Tentamos não discutir temas concretos relacionados a ações militares. Mas a República Democrática Popular da Coreia é nossa vizinha. E queremos desenvolver relações com nossos amigos da Coreia em todas as áreas. Temos acordos e certas obrigações mútuas com nossos amigos. E vamos cumpri-las.
Depois do fim da União Soviética, a Rússia, inclusive sob o comando de Putin, se aproximou do Ocidente. O que deu errado? Por que a Otan não aceitou a Rússia?
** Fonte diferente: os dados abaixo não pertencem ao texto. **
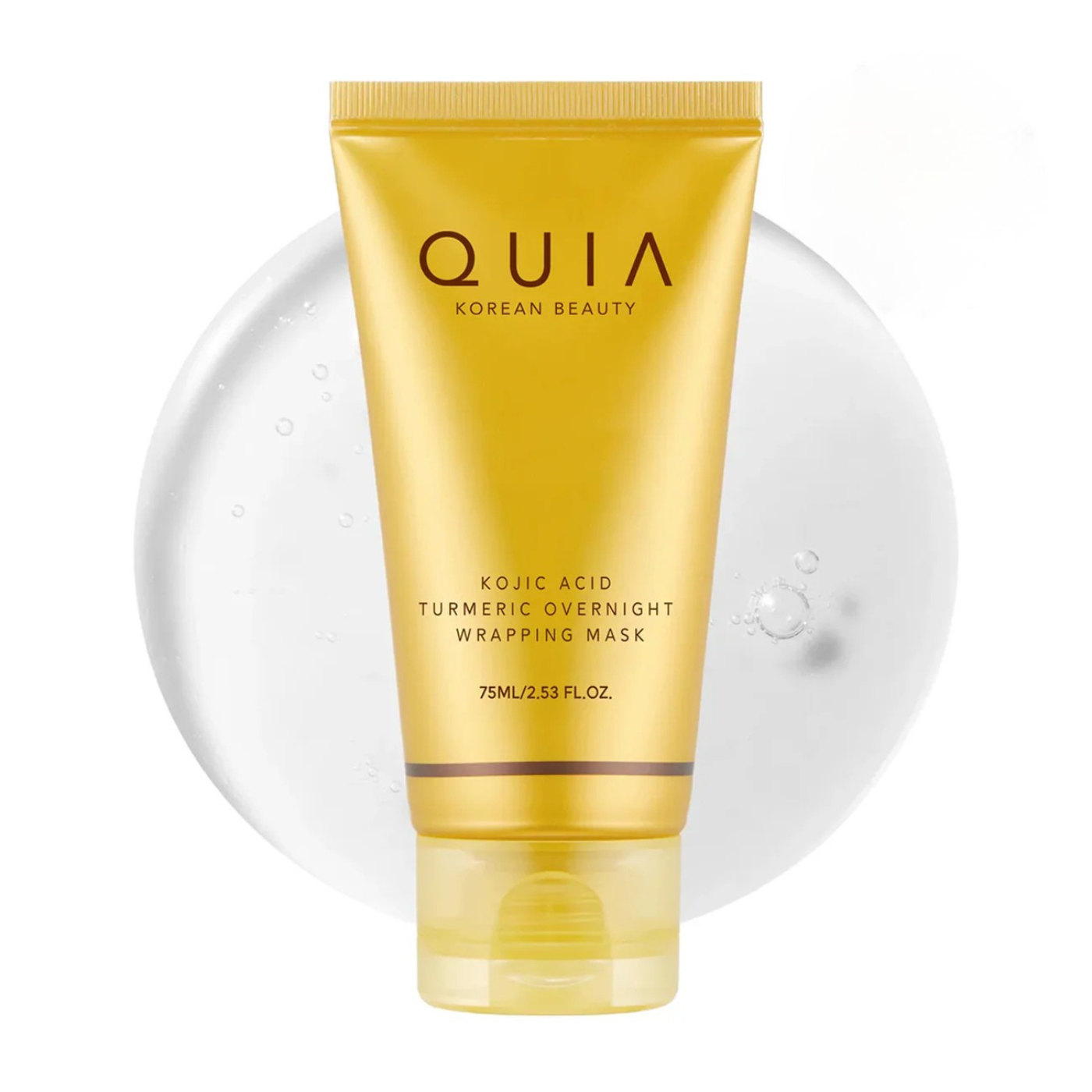 Maschera Avvolgente con Acido Kojico e Curcuma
O Ocidente tenta manter o mundo unipolar sob regras estabelecidas por um único país, os EUA, a favor dos seus próprios interesses. Essas regras mudam constantemente, na medida em que os interesses desse mesmo país mudam.
Nós somos a favor de um mundo multipolar em que a ordem mundial seja baseada no direito internacional. Essa é a diferença de nossas abordagens.
Todos os países falam em soberania. Mas nem todos podem ter soberania de verdade. A Rússia é um dos poucos países que pretende permanecer soberano. Não vamos suportar intervenção em nossos assuntos internos, nem tentativas de romper os nossos interesses internacionais. Nem ameaças reais, militares, em relação ao nosso país.
IMPÉRIO RUSSO
Vocês dizem que há um cerco ao seu país. Mas no Ocidente o entendimento é o de que a Rússia quer refazer o seu Império.
É [um entendimento] incorreto na essência. É claro que a Rússia é a sucessora de um país muito grande, a União Soviética, parte integrante e inalienável da nossa história.
Sabemos muito bem dos problemas da nossa história. E temos também orgulho de suas páginas gloriosas. Mas o tempo passa. E agora, no território da ex-União Soviética, coexistem Estados independentes que são nossos amigos, aliados, parceiros. Respeitamos suas soberanias e desenvolvemos relações em novos fundamentos e processos de integração. Nada disso está ligado a neoimperialismo. Só quem não sabe o que acontece de verdade pode falar uma coisa dessas.
O apoio ao presidente Putin é sem precedentes. É difícil imaginar o surgimento de algum outro líder, neste momento, que apresente um programa contrário ao do presidente Putin
DEMOCRACIA NA RÚSSIA
O presidente Putin foi eleito pela primeira vez em 1999, mas, com alterações na Constituição da Rússia, poderá ficar no poder até 2036. Por isso ele é chamado de “czar”, e há o entendimento de que o país é uma autocracia, onde as pessoas não podem se manifestar livremente e opositores são processados e presos.
Essa era uma acusação mais comum ao nosso presidente na década passada. Fomos criticados porque, por exemplo, fechamos algumas organizações públicas. Mas depois foi reconhecido que os países ocidentais forneciam dinheiro a elas, e a políticos, para que influenciassem em nossa política interna.
Nós temos um sistema político complexo, multipartidário, e muitas vezes ocorrem discussões bastante tensas sobre o desenvolvimento do país.
Mas o apoio ao presidente Putin é sem precedentes. É difícil imaginar o surgimento de algum outro líder, neste momento, que apresente um programa contrário ao do presidente Putin. O povo se uniu em torno de seu presidente e, quando chega a hora [das eleições], vota nele.
Os mecanismos democráticos funcionam plenamente. A ausência de concorrência política real está mais relacionada ao período importante pelo qual passamos agora.
E não ao fato de que há um bloqueio e opositores presos?
Quem viola a lei vai preso.
Mas é bom a mesma pessoa ocupar o poder por tanto tempo?
É bom quando o povo tem um presidente em quem ele votou. Isso é que é bom. Não importa quantas vezes as pessoas votam por ele. Ainda mais quando esse presidente cumpre suas obrigações da melhor forma possível, fazendo com que a cada ano de seu governo elas vivam melhor.
Se olharmos para o caminho de nosso país nos últimos 25 anos —e nem sempre Putin esteve no poder [referindo-se ao período entre 2008 e 2012, em que o presidente foi Dmitri Medvedev e ele, primeiro-ministro]— veremos que foi realmente um caminho gigantesco. A Rússia é hoje um país completamente diferente [de quando Putin assumiu o poder pela primeira vez]. É um país maravilhoso.